You are viewing a plain text version of this content. The canonical link for it is here.
Posted to mapreduce-user@hadoop.apache.org by Markus Jelsma <ma...@openindex.io> on 2011/12/23 15:19:06 UTC

Nutch unstable on 0.22.0

Hi,

In the past few weeks we evaluated and partially migrated from Hadoop 
0.20.203.0 to 0.22.0. Most stuff works fine locally and simple jobs do well on 
the cluster. However, the most essential part of Nutch, the fetcher, seems to 
be very unstable on 0.22.0. In every crawl i can no be almost certain that at 
least some mappers mysteriously freeze and eventually time out. Other mappers 
are killed straight away or after a few minutes because of OOM errors. Memory 
consumption is also a lot higher on 0.22.0.

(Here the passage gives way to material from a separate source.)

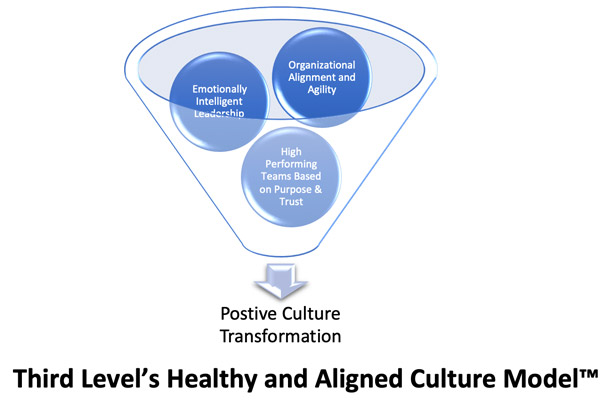 aligned-culture-model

Right now we have three clusters, an old 0.20.203 cluster and the unstable 
0.22.0 and a 0.20.205 running on the same new cluster. When we run identical 
jobs on all three clusters 0.22.0 almost always fails, eating RAM and 
occasionally freezing a mapper. Stack traces of those mappers show all threads 
are blocked and sometimes we see jstack unable to print deadlocks (null).

I tried many settings for 0.22.0 and very conservative settings for Nutch such 
as few threads to spare resources (which are abundant actually) but i cannot 
seem to find the issue. The fetcher job still uses the old mapred API.

I'd like to present a better issue report but i don't know what component in 
all this mess is actually responsible. It looks like the tasktracker but i'm 
unsure.

If anyone can point us in the right direction so we can find the issue and 
assist in fixing it that would be great.

Thanks